-- Your objective --
Pictures must not appear in the copy. Set down exactly the line with "满口牙龈萎缩能安假牙吗" and each line after it through the end of the data below.

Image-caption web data
──────
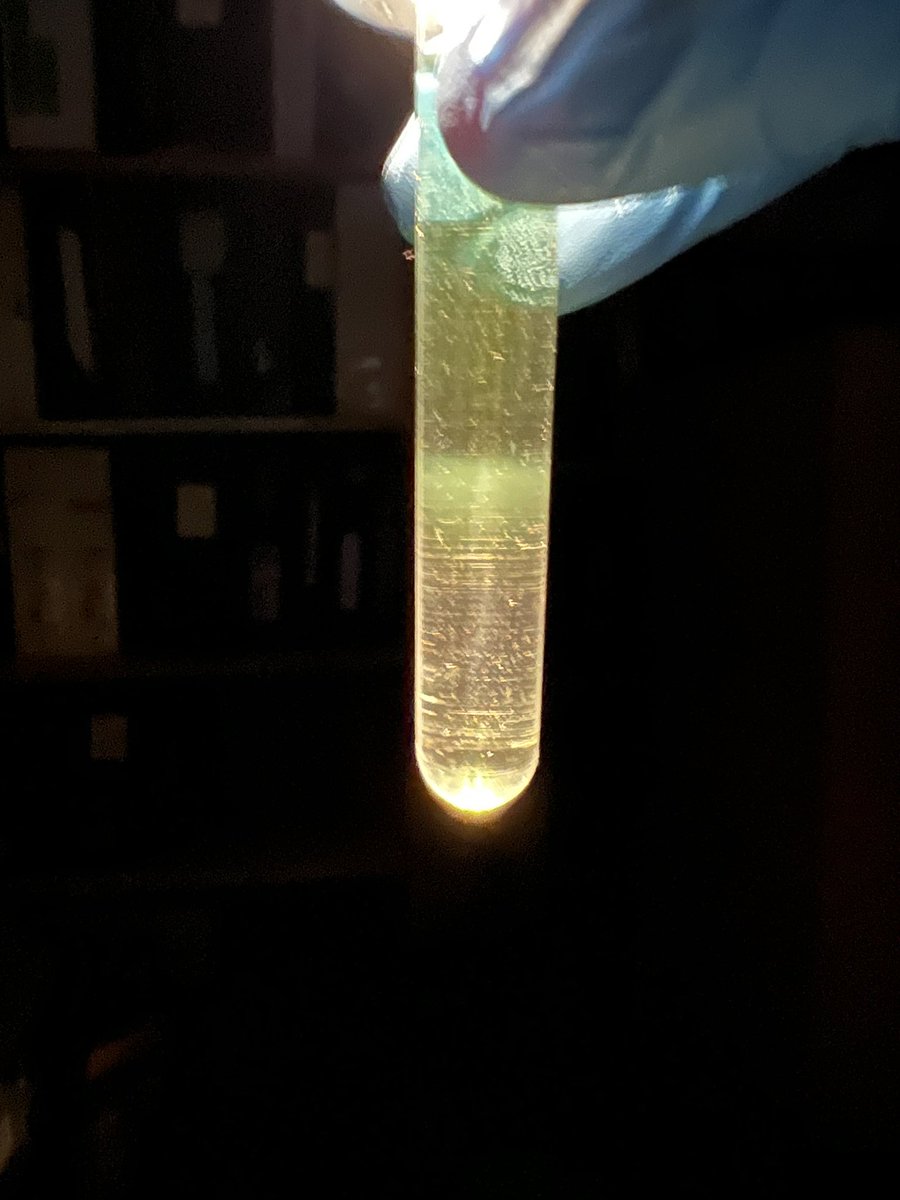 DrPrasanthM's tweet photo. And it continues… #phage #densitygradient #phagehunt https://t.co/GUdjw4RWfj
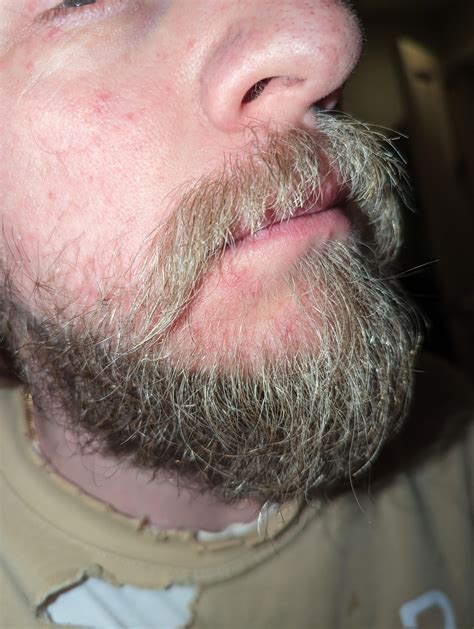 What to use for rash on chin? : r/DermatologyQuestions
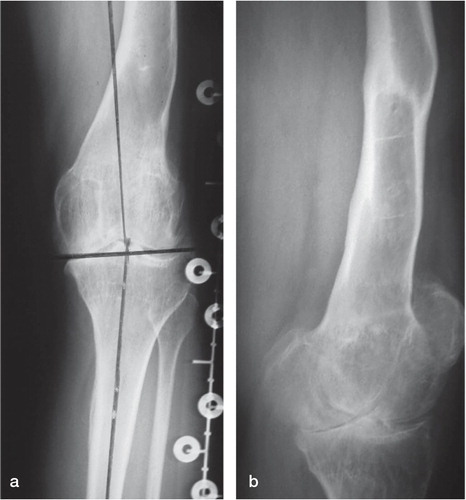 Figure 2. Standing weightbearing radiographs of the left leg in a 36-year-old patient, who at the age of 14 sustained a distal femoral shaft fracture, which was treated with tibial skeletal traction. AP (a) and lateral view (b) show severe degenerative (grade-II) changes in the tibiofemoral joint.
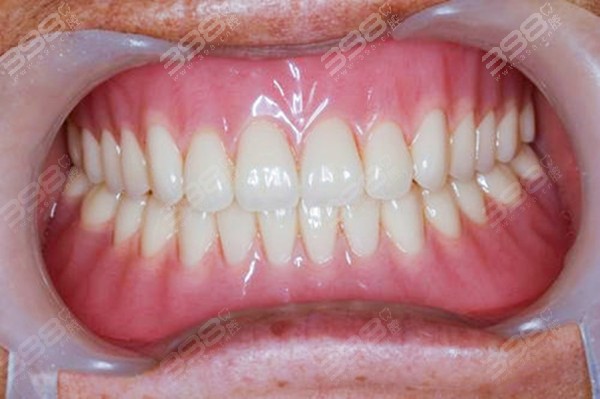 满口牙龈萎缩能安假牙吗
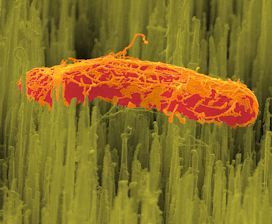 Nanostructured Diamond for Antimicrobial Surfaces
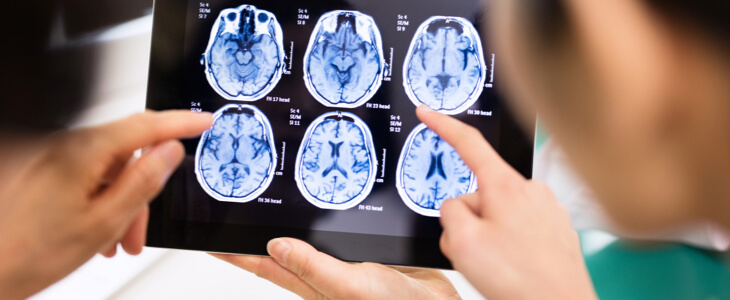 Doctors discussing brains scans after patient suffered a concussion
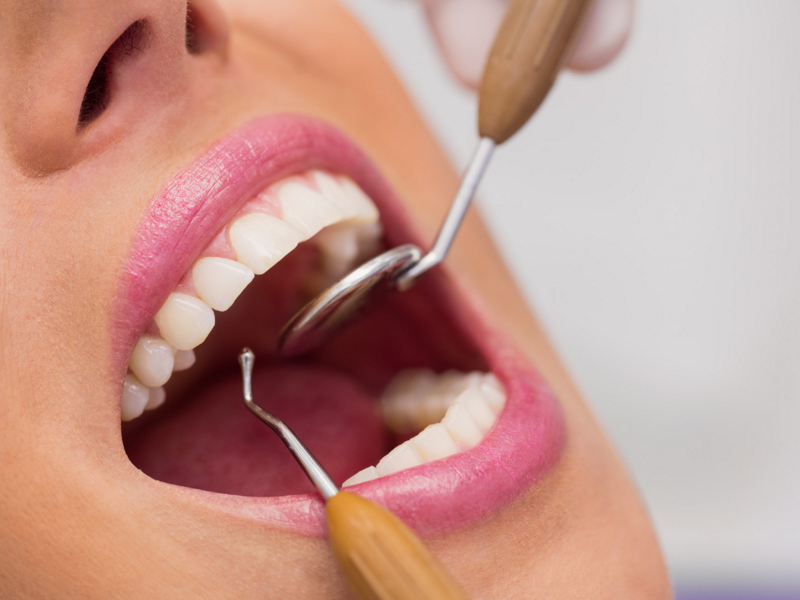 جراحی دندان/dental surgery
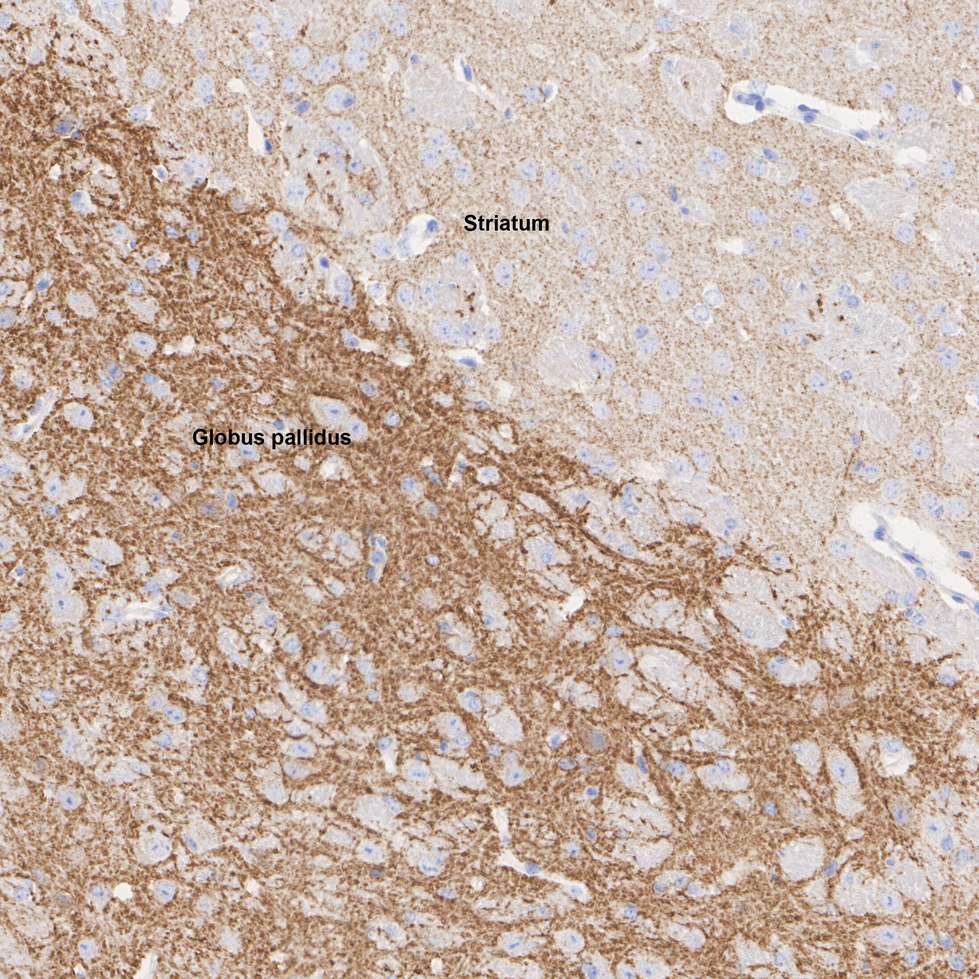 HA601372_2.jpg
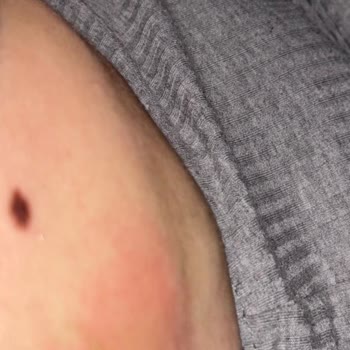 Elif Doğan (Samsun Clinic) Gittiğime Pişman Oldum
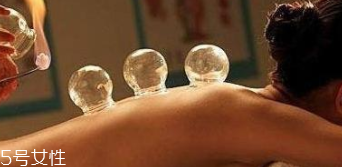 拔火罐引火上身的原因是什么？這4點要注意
──────
-- Solved exercise --
 满口牙龈萎缩能安假牙吗
 Nanostructured Diamond for Antimicrobial Surfaces
 Doctors discussing brains scans after patient suffered a concussion
 جراحی دندان/dental surgery
 HA601372_2.jpg
 Elif Doğan (Samsun Clinic) Gittiğime Pişman Oldum
 拔火罐引火上身的原因是什么？這4點要注意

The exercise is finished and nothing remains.